# [Work item]
Beneath this line is the data. Output exactly the lines from the line with "This is a quick" to the line with "In the last", both ends included, and nothing more.

═════ Recorded information ═════

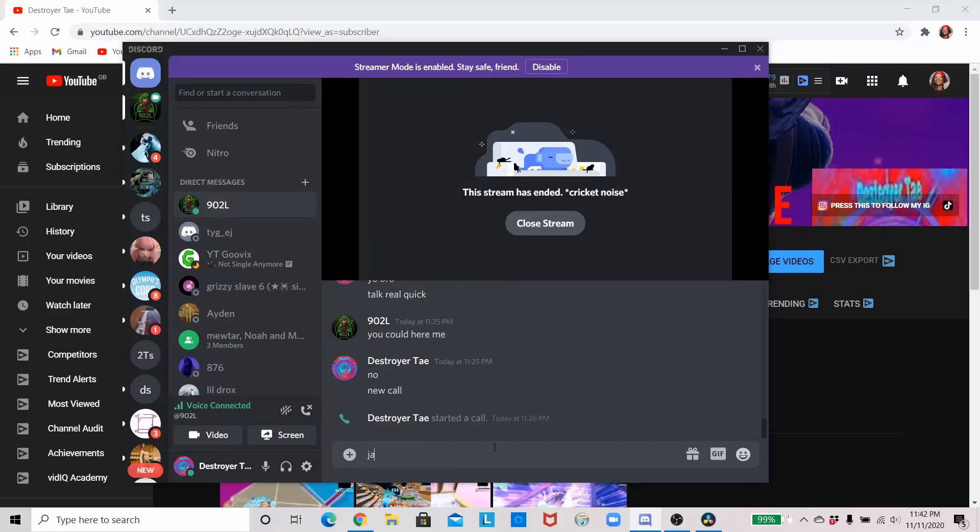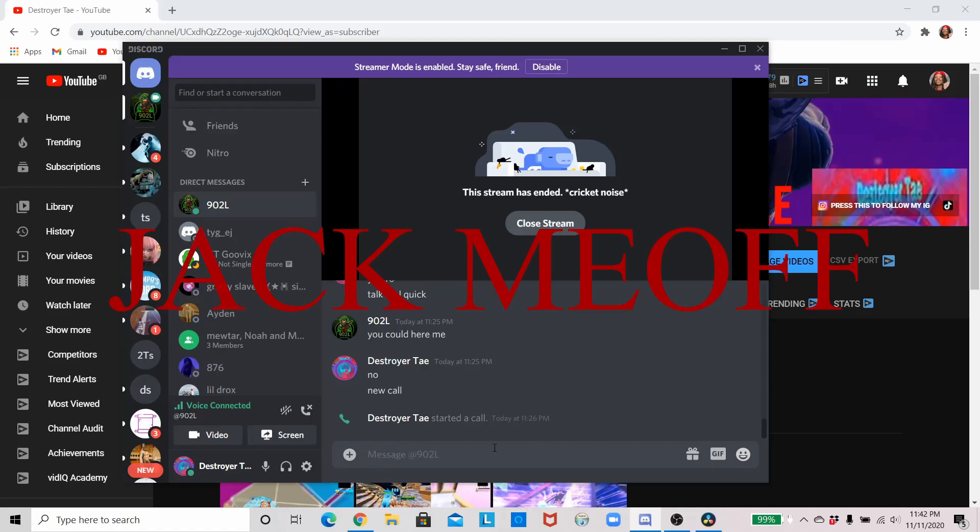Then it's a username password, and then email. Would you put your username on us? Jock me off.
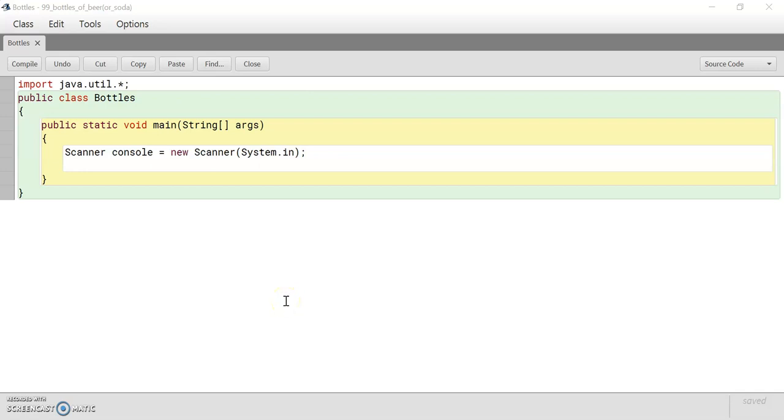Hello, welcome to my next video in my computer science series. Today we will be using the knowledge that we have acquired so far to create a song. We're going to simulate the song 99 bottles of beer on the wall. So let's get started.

═════
═════ Recorded information ═════

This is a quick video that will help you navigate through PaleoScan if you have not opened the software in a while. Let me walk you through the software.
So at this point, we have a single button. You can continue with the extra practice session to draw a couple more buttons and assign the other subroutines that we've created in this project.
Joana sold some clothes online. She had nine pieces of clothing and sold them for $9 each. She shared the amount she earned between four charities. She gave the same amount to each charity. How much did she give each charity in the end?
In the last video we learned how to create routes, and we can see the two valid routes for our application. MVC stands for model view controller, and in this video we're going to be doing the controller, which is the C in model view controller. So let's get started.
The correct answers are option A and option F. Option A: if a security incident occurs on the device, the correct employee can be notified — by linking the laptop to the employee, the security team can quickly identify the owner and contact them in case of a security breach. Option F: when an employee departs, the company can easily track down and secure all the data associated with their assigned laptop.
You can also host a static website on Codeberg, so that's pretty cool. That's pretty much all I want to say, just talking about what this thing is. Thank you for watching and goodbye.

═════

# [Solution to this task]
This is a quick video that will help you navigate through PaleoScan if you have not opened the software in a while. Let me walk you through the software.
So at this point, we have a single button. You can continue with the extra practice session to draw a couple more buttons and assign the other subroutines that we've created in this project.
Joana sold some clothes online. She had nine pieces of clothing and sold them for $9 each. She shared the amount she earned between four charities. She gave the same amount to each charity. How much did she give each charity in the end?
In the last video we learned how to create routes, and we can see the two valid routes for our application. MVC stands for model view controller, and in this video we're going to be doing the controller, which is the C in model view controller. So let's get started.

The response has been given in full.